(Beginning of Given data)

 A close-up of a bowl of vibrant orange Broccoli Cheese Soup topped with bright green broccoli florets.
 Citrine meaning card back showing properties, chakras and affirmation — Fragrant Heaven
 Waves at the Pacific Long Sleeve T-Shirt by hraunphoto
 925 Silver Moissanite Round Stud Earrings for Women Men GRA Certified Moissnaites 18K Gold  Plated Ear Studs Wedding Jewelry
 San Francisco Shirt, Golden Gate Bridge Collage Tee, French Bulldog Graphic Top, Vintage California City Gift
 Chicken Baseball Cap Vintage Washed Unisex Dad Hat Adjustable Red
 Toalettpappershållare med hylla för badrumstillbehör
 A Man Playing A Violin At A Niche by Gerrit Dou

(End of Given data)

§ **About this task**
Every line from the one with "Waves at the" to the end of the records above should be returned exactly, and no other lines.

§ **Task result**
 Waves at the Pacific Long Sleeve T-Shirt by hraunphoto
 925 Silver Moissanite Round Stud Earrings for Women Men GRA Certified Moissnaites 18K Gold  Plated Ear Studs Wedding Jewelry
 San Francisco Shirt, Golden Gate Bridge Collage Tee, French Bulldog Graphic Top, Vintage California City Gift
 Chicken Baseball Cap Vintage Washed Unisex Dad Hat Adjustable Red
 Toalettpappershållare med hylla för badrumstillbehör
 A Man Playing A Violin At A Niche by Gerrit Dou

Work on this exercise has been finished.